• Task objective:
Report back each line of the records that contains the string "with".

[Excerpted records Boundary: Start]

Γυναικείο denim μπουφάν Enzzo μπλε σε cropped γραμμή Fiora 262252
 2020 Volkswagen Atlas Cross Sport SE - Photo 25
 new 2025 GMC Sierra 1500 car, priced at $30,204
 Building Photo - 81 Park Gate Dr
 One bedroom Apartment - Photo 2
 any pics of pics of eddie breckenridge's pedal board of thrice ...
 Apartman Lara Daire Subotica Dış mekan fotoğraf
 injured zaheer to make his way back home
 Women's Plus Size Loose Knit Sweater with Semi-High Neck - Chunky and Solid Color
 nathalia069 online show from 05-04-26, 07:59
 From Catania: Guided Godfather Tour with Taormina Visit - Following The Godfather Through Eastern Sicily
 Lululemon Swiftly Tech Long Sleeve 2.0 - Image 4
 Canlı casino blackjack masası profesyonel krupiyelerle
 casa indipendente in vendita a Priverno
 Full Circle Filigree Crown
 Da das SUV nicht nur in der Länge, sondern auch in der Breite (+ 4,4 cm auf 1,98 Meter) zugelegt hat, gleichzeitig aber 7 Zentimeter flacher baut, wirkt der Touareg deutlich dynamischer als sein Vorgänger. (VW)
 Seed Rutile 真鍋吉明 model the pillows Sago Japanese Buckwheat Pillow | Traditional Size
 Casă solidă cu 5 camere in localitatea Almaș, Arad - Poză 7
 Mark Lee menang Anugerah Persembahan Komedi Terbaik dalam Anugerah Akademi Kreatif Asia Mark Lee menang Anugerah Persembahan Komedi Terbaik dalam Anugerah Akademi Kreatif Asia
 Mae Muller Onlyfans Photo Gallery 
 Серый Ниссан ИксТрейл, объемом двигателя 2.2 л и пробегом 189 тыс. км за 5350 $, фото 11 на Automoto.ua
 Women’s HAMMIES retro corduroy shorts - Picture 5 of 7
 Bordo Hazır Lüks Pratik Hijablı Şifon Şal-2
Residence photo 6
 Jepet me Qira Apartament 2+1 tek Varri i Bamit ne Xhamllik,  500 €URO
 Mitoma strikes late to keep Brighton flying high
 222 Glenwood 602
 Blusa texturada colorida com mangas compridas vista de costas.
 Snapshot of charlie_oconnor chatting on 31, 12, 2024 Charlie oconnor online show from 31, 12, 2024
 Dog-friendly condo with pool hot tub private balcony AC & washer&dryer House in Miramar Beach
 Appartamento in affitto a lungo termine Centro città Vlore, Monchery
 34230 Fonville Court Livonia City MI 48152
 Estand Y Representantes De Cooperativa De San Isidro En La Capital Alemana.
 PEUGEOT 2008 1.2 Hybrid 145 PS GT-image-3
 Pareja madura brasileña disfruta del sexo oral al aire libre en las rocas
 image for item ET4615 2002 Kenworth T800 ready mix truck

[Excerpted records Boundary: End]

• Answer to this task:
 Women's Plus Size Loose Knit Sweater with Semi-High Neck - Chunky and Solid Color
 From Catania: Guided Godfather Tour with Taormina Visit - Following The Godfather Through Eastern Sicily
 Dog-friendly condo with pool hot tub private balcony AC & washer&dryer House in Miramar Beach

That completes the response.